▸ **EXERCISE DIRECTIONS**: Range to copy from the entries below: the line containing "Facebook For Dummies, Pocket" through the line containing "Krzesło z poliwęglanu", inclusive. Retype only those lines, exactly, without any images.

Items from a dataset:
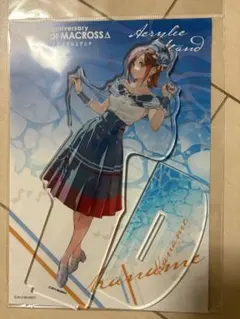 マクロスΔ】 10周年展 手塚治虫記念館 オーロラ缶バッジ 6種コンプ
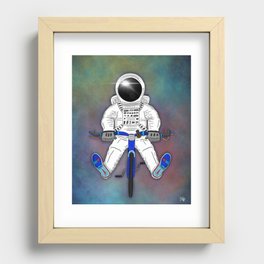 Out of this world Recessed Framed Print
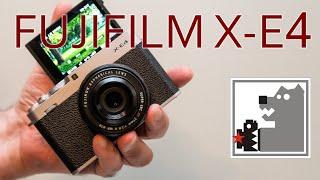 Fujifilm X-E4  Камера - художник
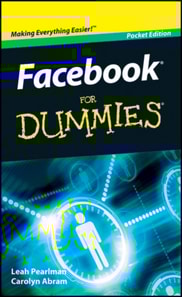 Facebook For Dummies, Pocket Edition, Pocket Edition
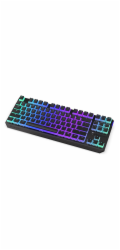 Endorfy herní klávesnice Thock TKL Wireless Red Pudding / RGB / red sw. / bezdrátová / mechanická / US layout / černá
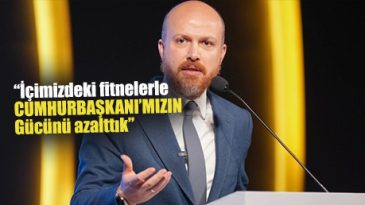 Bilal Erdoğan, iş insanlarına seslendi: İşte dikkat çeken sözler…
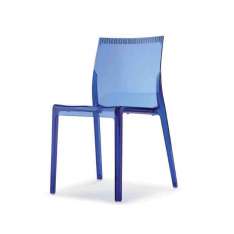 Krzesło z poliwęglanu z możliwością układania w stosy I.T.F. Design WAVES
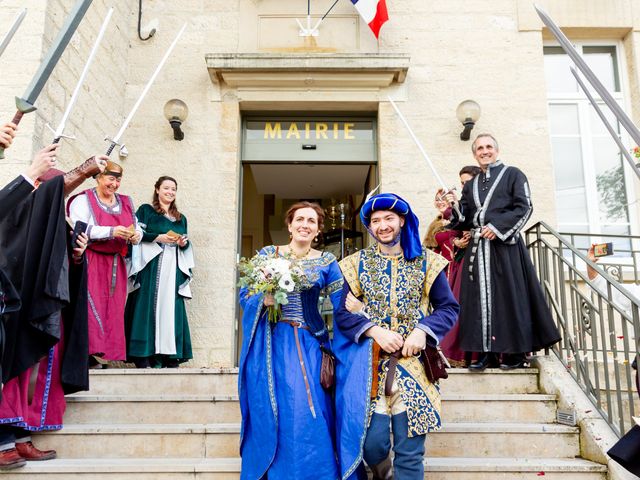 Le mariage de Amaury et Elodie à Buchères, Aube 18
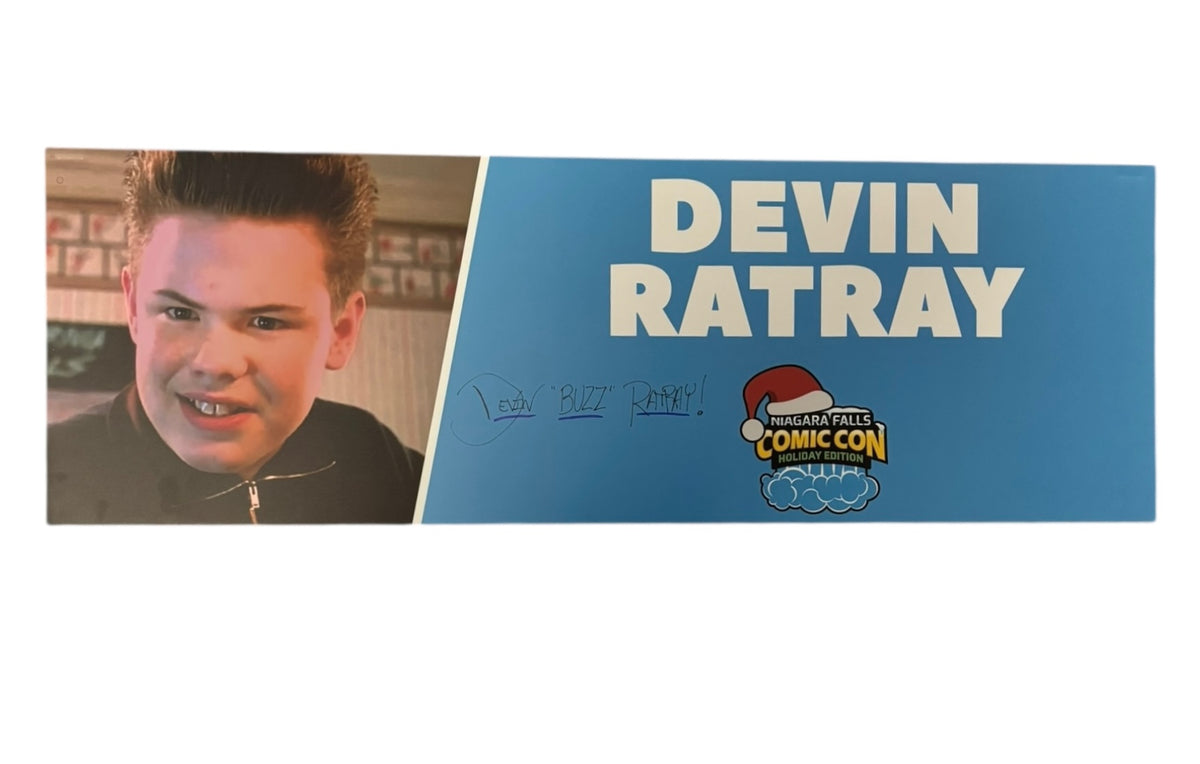 DEVIN RITRAY signed autographed photo COA Hologram main image 0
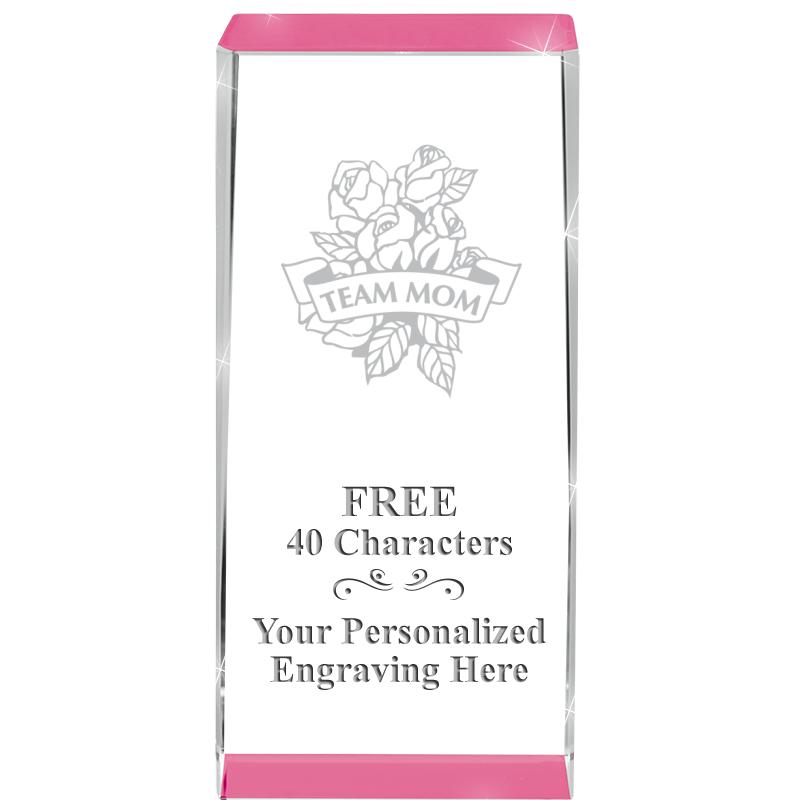 4.5" SPOTLIGHT PINK CRYSTAL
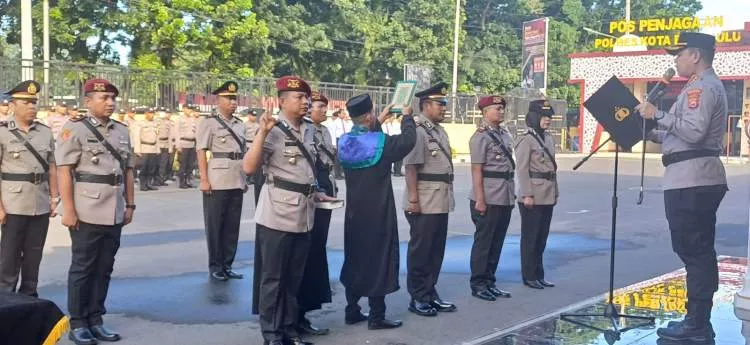 Mutasi Besar di Polresta Bengkulu! Kasatreskrim hingga Kapolsek Diganti, Ini Daftar Lengkap Pejabat Baru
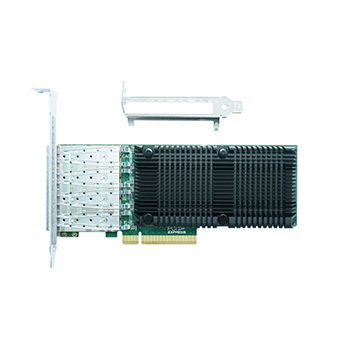 כרטיס רשת LR-LINK LRES1027PF-4SFP28 4x25G 2xSFP28 Intel E810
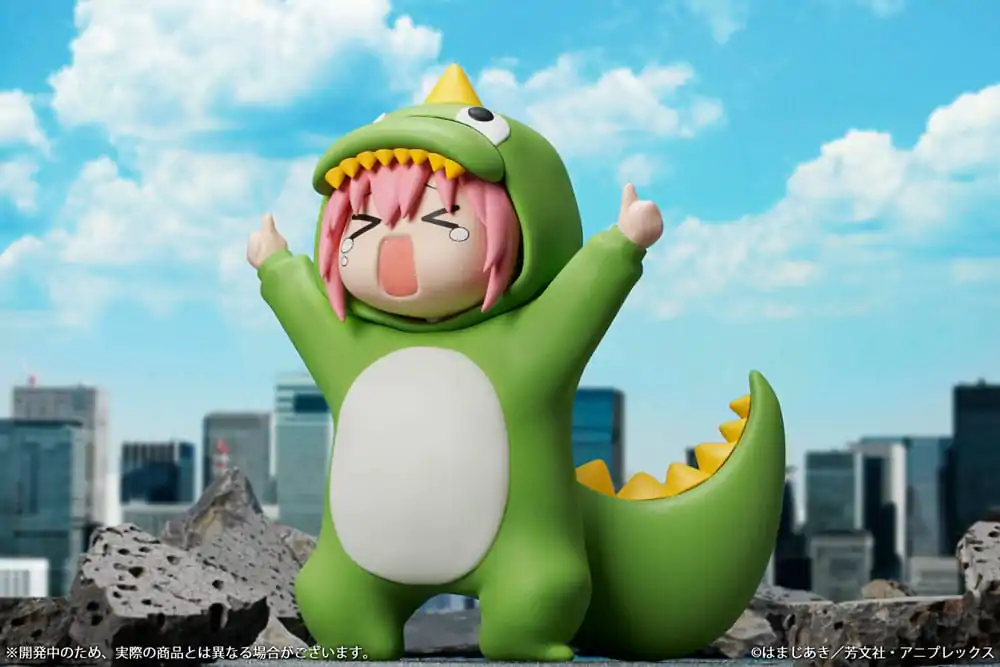 Bocchi the Rock! Deformation Hitori Goto Shonin Yokkyu Monster szobor figura 19 cm termékfotó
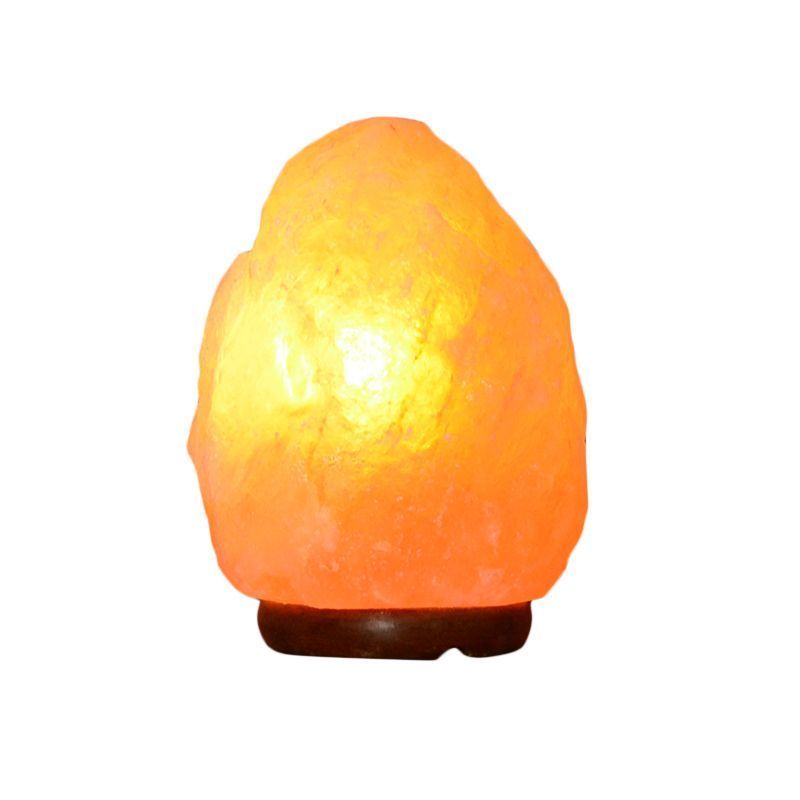喜马拉雅盐灯家用充电水晶创意天然玫瑰盐矿石台灯卧室床头灯夜灯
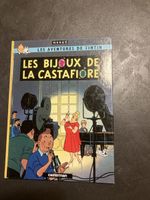 BD Tintin Les Bijoux de la Castafiore Casterman 1963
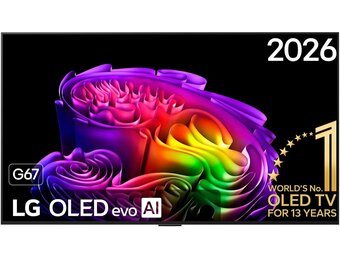LG OLED83G67LW (2026) - OLED TV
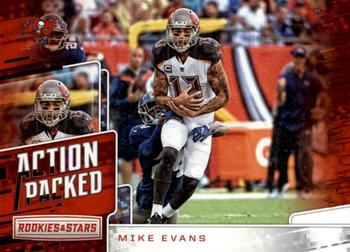 2018 Panini Rookies & Stars - Action Packed #AP-5 Mike Evans Front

▸ **TASK RESPONSE**:
 Facebook For Dummies, Pocket Edition, Pocket Edition
 Endorfy herní klávesnice Thock TKL Wireless Red Pudding / RGB / red sw. / bezdrátová / mechanická / US layout / černá
 Bilal Erdoğan, iş insanlarına seslendi: İşte dikkat çeken sözler…
 Krzesło z poliwęglanu z możliwością układania w stosy I.T.F. Design WAVES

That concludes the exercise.